How to do L2 East-West Traffic with IPL and MLAG?

Hi,

We have multiple pairs of HPe SN2410M switches (they’re just Mellanox switches painted a different colour, hence why I 'm here!). We have them configured as MLAG pairs with a VIP, and they work well. We’re upgrading them to Onyx v3.9.1306 at the moment.

We also have some Nexus 9K switches in exactly the same configuration - MLAG pairs (or vPC as Cisco call it). In all cases all the L3 routing is done by core switches upstream. These switches are all top-of-rack for servers, so everything is MLAGs down to the hosts. The HPe switches have mgmt0 connected back to back for the VIP, and the IPL goes over a port-channel of two 100G DACs.

However, one major difference I notice between the HPe and the Nexus is that the switch-to-switch connectivity is very different. The Nexus will put traffic through the connection between the switches, so there’s East-West communication. The HPes don’t - the documentation clearly says the IPL will only transfer traffic in a failure scenario (i.e. the uplinks die).

All I’m getting at is we have two 100G connections doing relatively nothing - I could’ve put in 10G and saved a whole load of money!

Can we/should we do anything to enable the 100G DACs to be useful for traffic? Or is this just how it is with these switches? I’ve considered putting in a couple of 10G connections and moving the IPL over to them so I can then use the 100G DACs for a L2 MLAG, but then there’s all the fun of Spanning Tree loops to consider (something the Nexus figures out for itself and Just Works without any major fiddling).

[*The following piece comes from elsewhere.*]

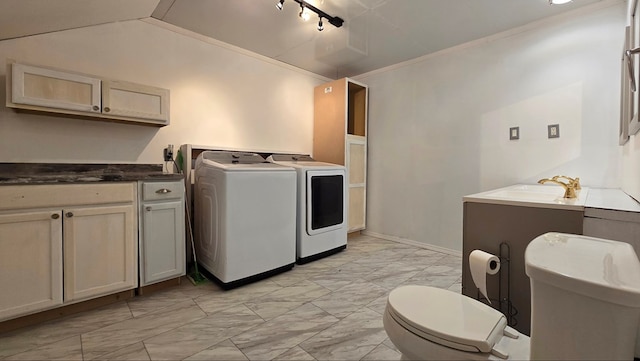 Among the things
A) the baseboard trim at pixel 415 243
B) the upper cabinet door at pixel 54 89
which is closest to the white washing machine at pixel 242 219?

What’s considered the right thing to do here? We’re running Nutanix Hyperconvergence if that makes any difference, but there’s other servers also attached.

Thanks in advance.

Hi David,

traffic will pass over the IPL in the following cases:

  1. The destination mac is learnt from a port on the peer MLAG switch
  2. BUM traffic

@David Rickard​ , did you end up adding an L2 transit link between the switches? I am facing a similar dilemma, while I will be point-to-point routed northbound into a pair of Cisco Nexus switches, I need to peer OSPF with them as well.

Normally, I would peer the two OSPF processes between the MLAG’d switches as well (as we would with Nexus vPC, Aruba VSX, et. al.), so the advertised topology remains consistent, but the published IPL behavior has me searching for answers. Do I let an MLAG port failure trigger an OSPF topology change (because the VLAN(s) will now transit the IPL, an OSPF DR should be elected, etc.), or let STP knock down the loop formed if I have an L2 transit in play (and would the IPL even participate in STP?).

Eddie, sorry for not replying sooner. I thought I’d get a notification and never did. I just googled this again and found my own post!

I had a look and I can see some MACs in the address table via the IPL, so I think I can now see what’s going on. For single-homed devices they definitely do traverse the IPL. For MLAGs they seem to show the same MAC on both switches via the MLAG, so I’m guessing the switch is smart enough to know when to keep it on the local switch, or send it across the IPL? It certainly seems that doesn’t happen often as there’s only around 7Mb/s going over it. Yet there’s two HCI clusters on it so all their traffic must be staying local to one switch (possibly the active). Either way I don’t think I’m seeing traffic hair-pinning via the core switch, which was really all I wanted to avoid.